— What the task asks —
Using the listing below, set down exactly the lines from the one that contains "APR3 S4007025 - Smalto" through the one that contains "FALKE Wandersocken TK2", with no pictures.

(Raw data)

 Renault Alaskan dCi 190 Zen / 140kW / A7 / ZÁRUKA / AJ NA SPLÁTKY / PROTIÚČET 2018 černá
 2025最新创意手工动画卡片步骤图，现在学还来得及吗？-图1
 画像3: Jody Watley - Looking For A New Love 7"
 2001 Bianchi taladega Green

(End Raw data)
(Raw data)

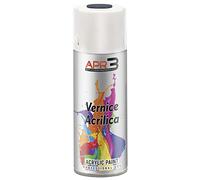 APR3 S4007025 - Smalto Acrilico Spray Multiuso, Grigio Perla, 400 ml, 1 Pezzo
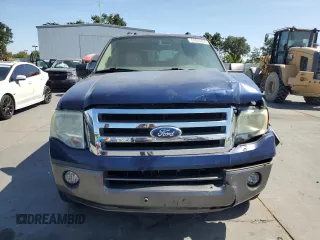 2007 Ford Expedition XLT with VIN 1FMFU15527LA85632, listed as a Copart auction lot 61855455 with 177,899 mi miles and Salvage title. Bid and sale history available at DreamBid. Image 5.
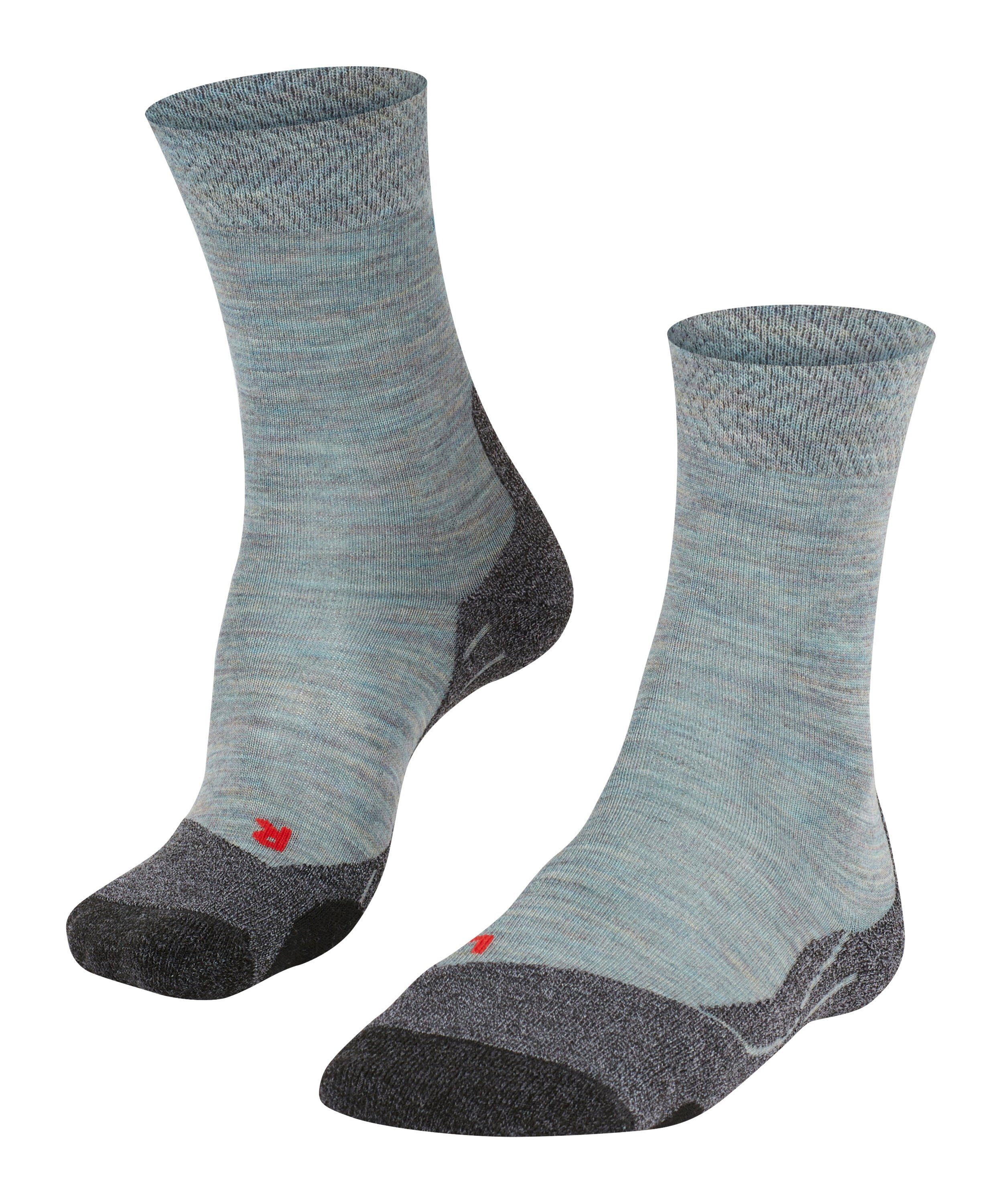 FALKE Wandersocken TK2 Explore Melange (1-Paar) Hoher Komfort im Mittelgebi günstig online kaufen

(End Raw data)

— Response —
 APR3 S4007025 - Smalto Acrilico Spray Multiuso, Grigio Perla, 400 ml, 1 Pezzo
 2007 Ford Expedition XLT with VIN 1FMFU15527LA85632, listed as a Copart auction lot 61855455 with 177,899 mi miles and Salvage title. Bid and sale history available at DreamBid. Image 5.
 FALKE Wandersocken TK2 Explore Melange (1-Paar) Hoher Komfort im Mittelgebi günstig online kaufen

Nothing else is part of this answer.